Part of the reason meal planning works for us is that we treat it flexibly. For various reasons the original rough plan for Sunday lunch didn’t work this week - instead I opted to get some turkey chunks and bacon bits out of the freezer along with a lurking roll of puff pastry and made pasties - two of which were eaten on Sunday, with the others getting popped into the fridge for swapping in to the plan on Wednesday evening. A flexible plan - albeit one that takes account of ensuring that food that needs using gets eaten - is far more pleasant and practical than one that is so rigid it’s difficult to stick to.

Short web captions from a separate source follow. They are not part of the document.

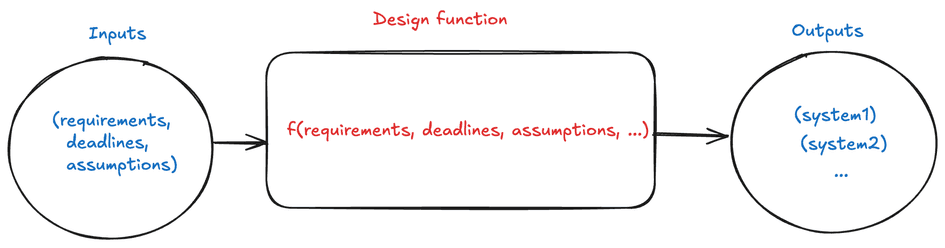 My 3 years at Amazon (so far): 3 key lessons learned | abdullaev.dev
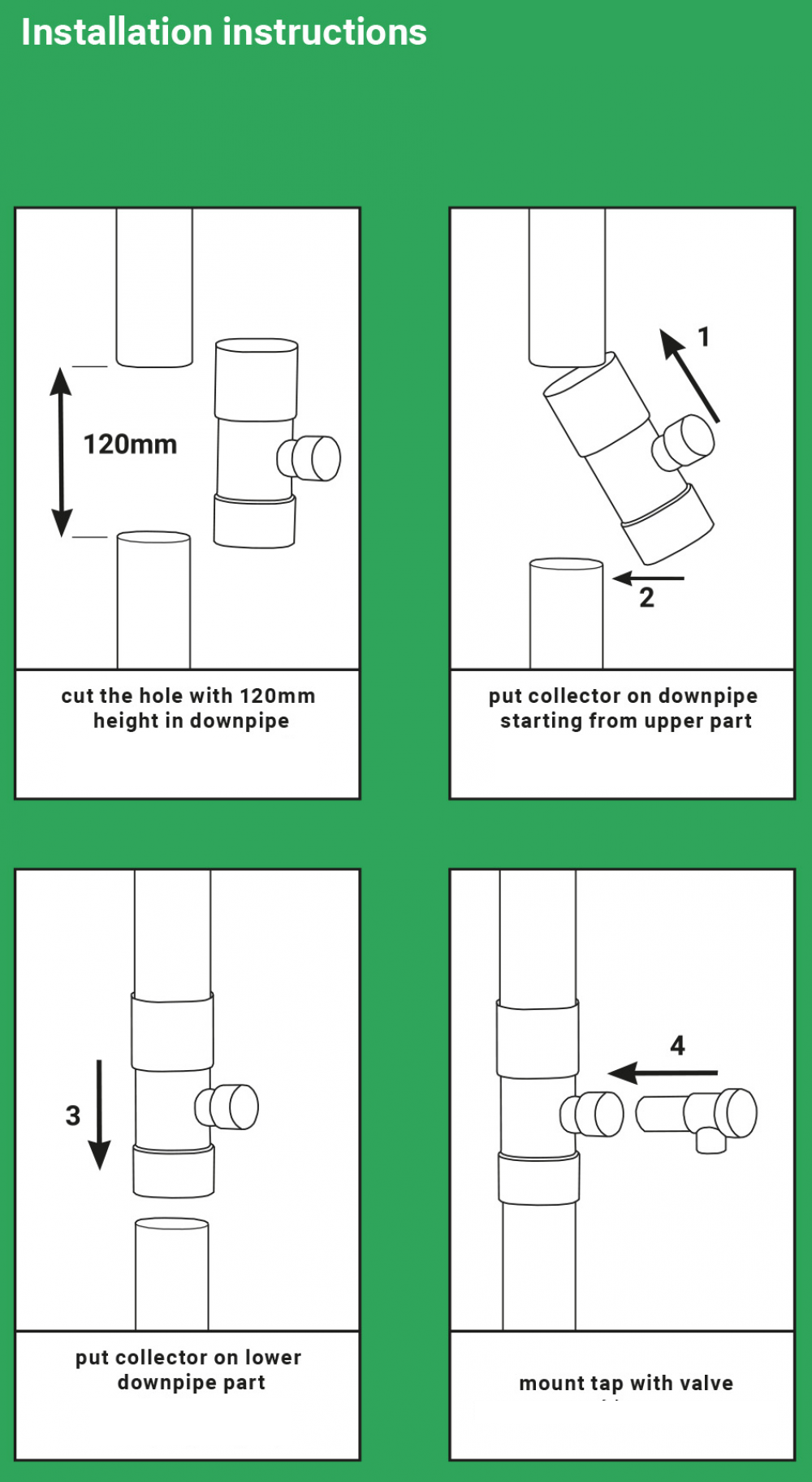 Waterstroomregeling via de geïntegreerde kraan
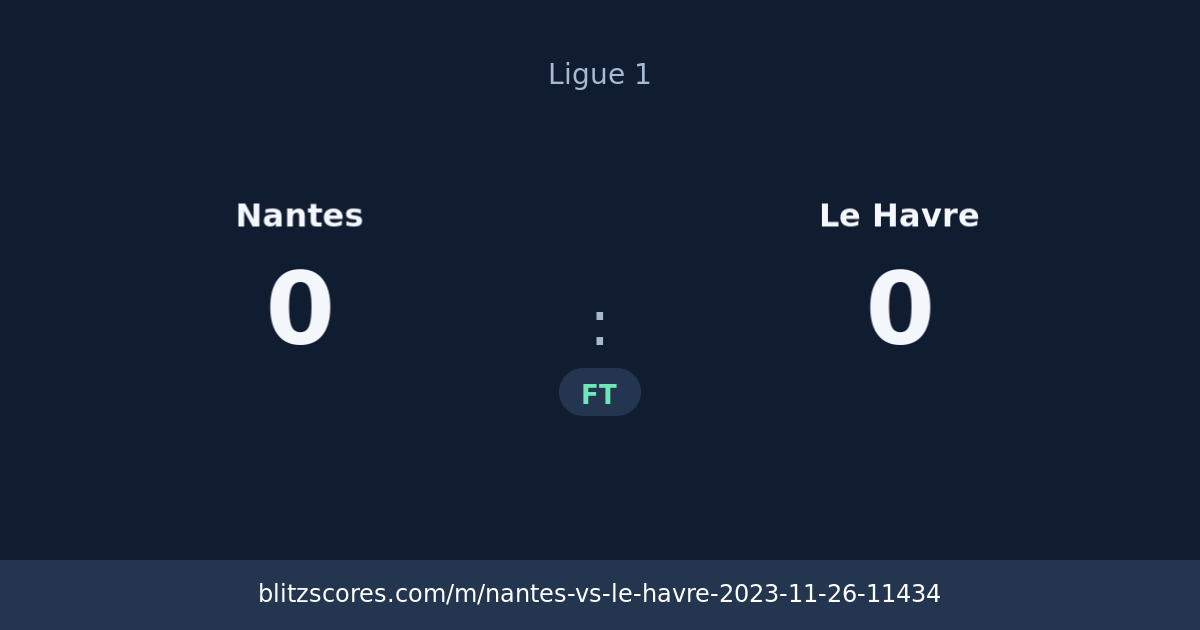 Nantes vs Le Havre score card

We did end up with one unplanned spend this week as our poor old toaster finally toasted its last - can’t complain, it was a wedding present nearly 26 years ago so it’s given good service! We’re replacing with a “long slot” version, better to cope with different sizes of bread - our old one dated from a time when bread came in a fairly standard square-ish size, and we’ve often found ourselves having to repeatedly turn slices round to get them evenly toasted. If the replacement lasts as long as the old one we will be very pleased!